**What is being asked:**
Transcribe, without alteration, only the lines from the one containing "Used 2018 Honda Odyssey EX-L image 8" through the last line of the material, both ends included.

**Material provided:**
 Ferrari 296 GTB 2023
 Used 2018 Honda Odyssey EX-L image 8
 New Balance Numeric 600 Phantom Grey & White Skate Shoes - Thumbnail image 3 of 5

**Task answer:**
 Used 2018 Honda Odyssey EX-L image 8
 New Balance Numeric 600 Phantom Grey & White Skate Shoes - Thumbnail image 3 of 5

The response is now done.